- Information provided -
Start of Block
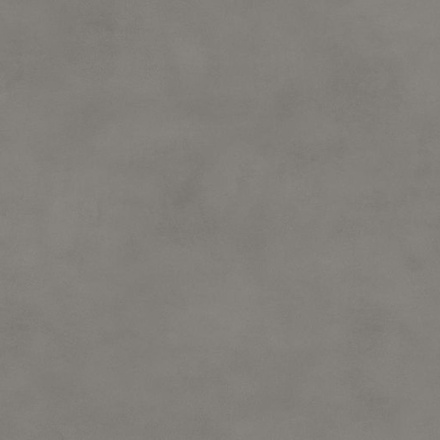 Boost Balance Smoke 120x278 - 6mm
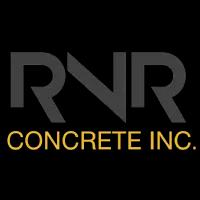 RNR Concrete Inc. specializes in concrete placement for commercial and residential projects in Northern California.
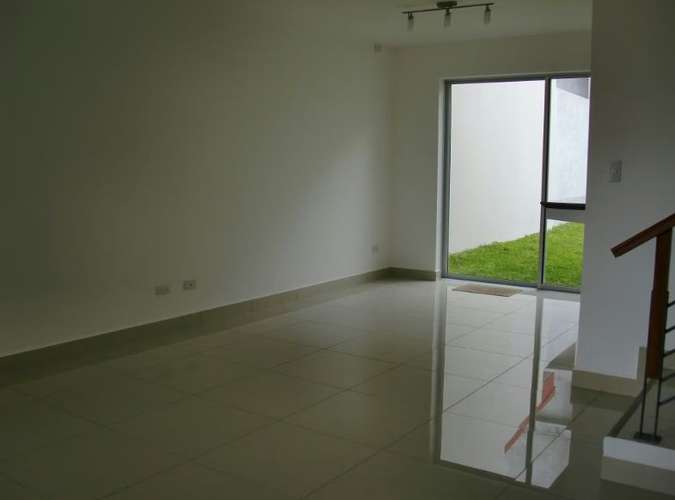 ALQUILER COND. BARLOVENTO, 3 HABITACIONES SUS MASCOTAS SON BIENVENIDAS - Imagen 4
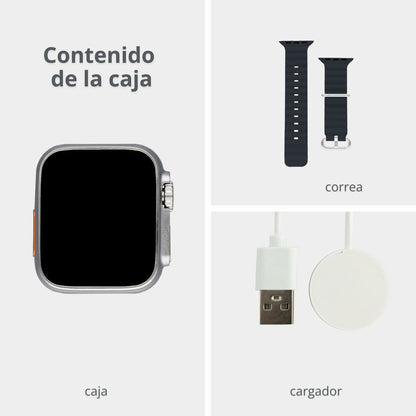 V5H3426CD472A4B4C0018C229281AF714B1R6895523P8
End of Block
Reproduce the lines above exactly, image-free.

- Completed exercise -
 Boost Balance Smoke 120x278 - 6mm
 RNR Concrete Inc. specializes in concrete placement for commercial and residential projects in Northern California.
 ALQUILER COND. BARLOVENTO, 3 HABITACIONES SUS MASCOTAS SON BIENVENIDAS - Imagen 4
 V5H3426CD472A4B4C0018C229281AF714B1R6895523P8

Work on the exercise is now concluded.